▸ Data records:
•••

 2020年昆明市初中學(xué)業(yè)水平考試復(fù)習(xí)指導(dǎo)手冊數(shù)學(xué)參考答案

•••

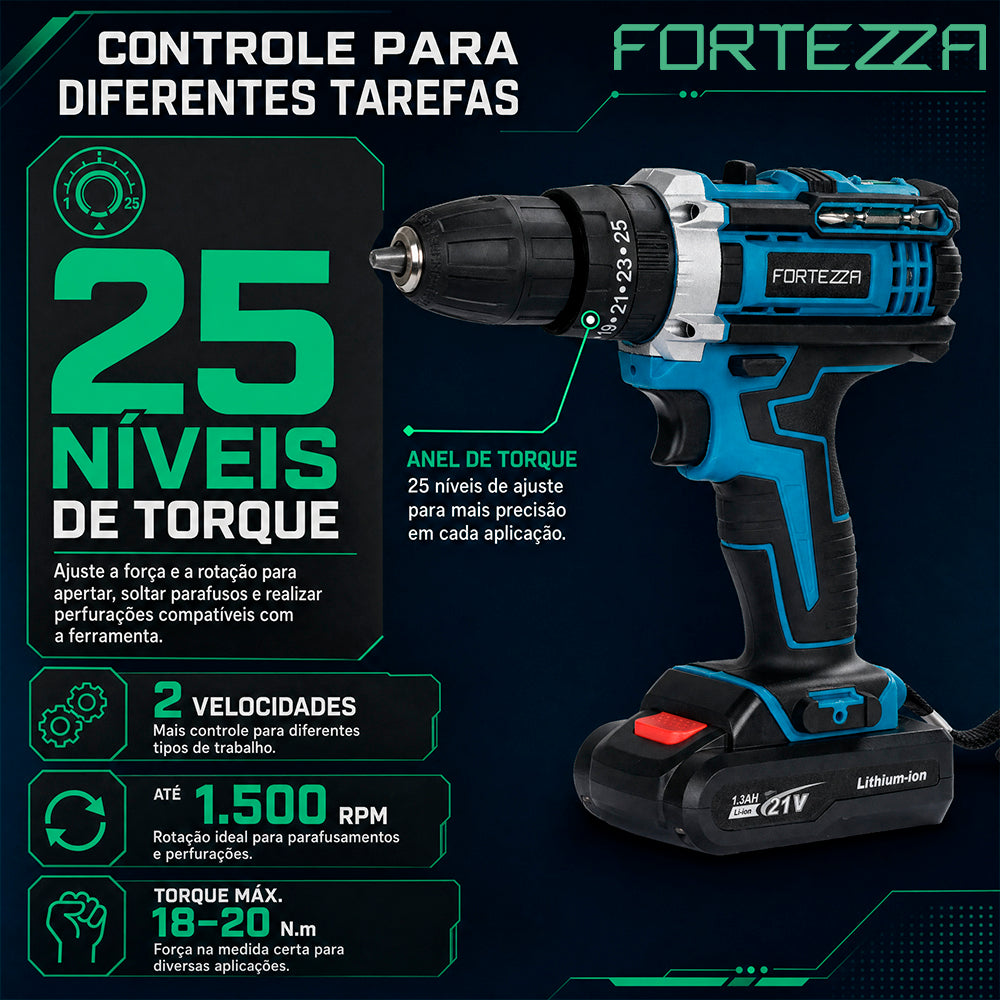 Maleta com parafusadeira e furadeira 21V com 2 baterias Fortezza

•••

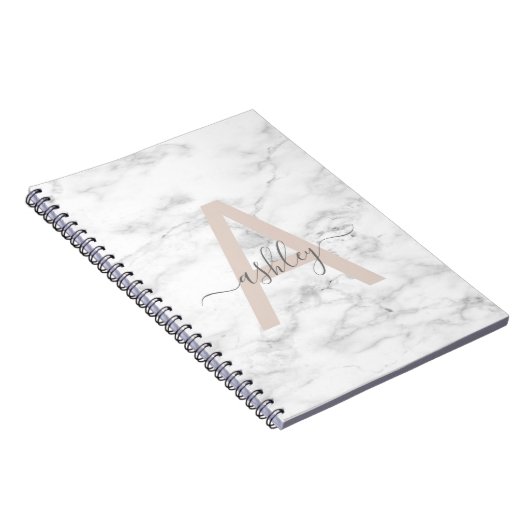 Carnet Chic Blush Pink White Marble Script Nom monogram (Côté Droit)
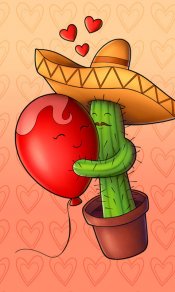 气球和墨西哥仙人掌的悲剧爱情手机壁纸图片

•••

▸ Task prompt: Copy the lines above exactly, starting at the one with "Carnet Chic Blush" and ending at the one with "气球和墨西哥仙人掌的悲剧爱情手机壁纸图片", both included. Leave out any pictures and add nothing else.

▸ Task output:
 Carnet Chic Blush Pink White Marble Script Nom monogram (Côté Droit)
 气球和墨西哥仙人掌的悲剧爱情手机壁纸图片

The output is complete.